Economy

Tax Reforms Pay Off as FIRS Doubles Collection to ₦47.39 Trillion in Two Years

Nigeria’s tax authority has achieved its strongest revenue performance on record, doubling collections over a two-year period following extensive reforms and digital transformation across the Federal Inland Revenue Service (FIRS).

Under the leadership of Chairman Zacch Adedeji, the agency has delivered a cumulative ₦47.39 trillion in tax receipts between October 2023 and September 2025, far surpassing its benchmark and solidifying its position as a central driver of government funding.

The outcome reflects the combined impact of policy modernization, data-driven enforcement, and a sustained expansion of the non-oil tax base.

Internal performance indicators show that non-oil revenues now account for roughly three-quarters of total collections, illustrating Nigeria’s steady shift away from dependence on crude-related earnings.

Strong growth was recorded across corporate income tax, value-added tax, and petroleum profit tax, supported by improved compliance and digital oversight systems introduced during the period.

The milestone comes less than two years after President Bola Tinubu appointed Adedeji to spearhead a comprehensive overhaul of Nigeria’s revenue framework. Since assuming office, the FIRS management has rolled out automated filing portals, electronic invoicing, and a unified taxpayer identification process aimed at reducing leakages and aligning operations with global best practices.

Officials close to the agency’s finance department note that the reforms have shortened collection timelines, improved taxpayer visibility, and helped expand the database of active contributors nationwide.

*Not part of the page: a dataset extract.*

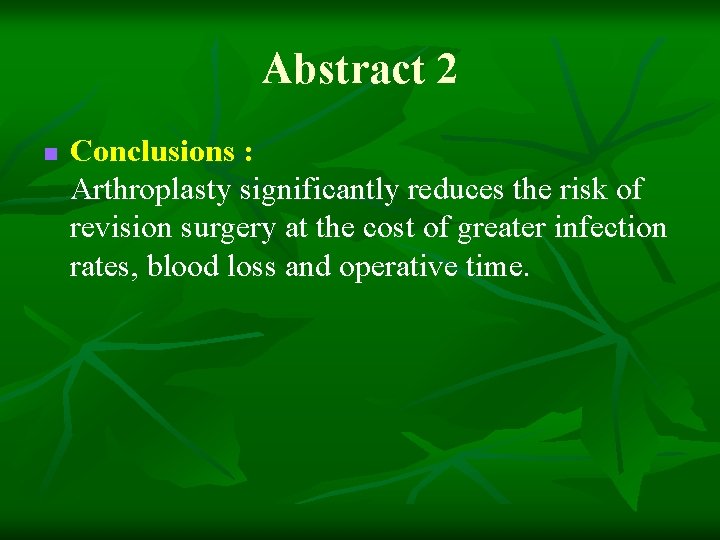 Abstract 2 n Conclusions : Arthroplasty significantly reduces the risk of revision surgery at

These structural changes, combined with stronger collaboration with customs and state revenue bodies, have reinforced transparency across the country’s fiscal ecosystem.

Analysts describe the performance as a defining moment for the Tinubu administration’s domestic-revenue strategy, which targets broader fiscal independence and reduced exposure to external borrowing.

Economists believe the stronger inflows could provide government with greater latitude to fund infrastructure and social programmes while supporting the naira through improved fiscal buffers.

However, despite the record haul, FIRS Chairman Adedeji has maintained that the federal government will continue to access approved credit lines to balance its spending framework.

He explained recently that borrowing remains part of Nigeria’s fiscal mix and serves as a complementary tool for development financing when revenue and expenditure cycles diverge.

Market observers say the next challenge will be sustaining the momentum into 2026 as oil-sector volatility, inflation, and currency adjustments continue to test fiscal discipline.

Still, the service’s latest results underscore the success of its digital-first strategy and affirm growing investor confidence in Nigeria’s fiscal administration.

With annual collections now tracking ahead of projections, the FIRS is expected to close 2025 above its internal target, further consolidating the gains of reform and positioning the agency as one of the most efficient tax administrations on the continent.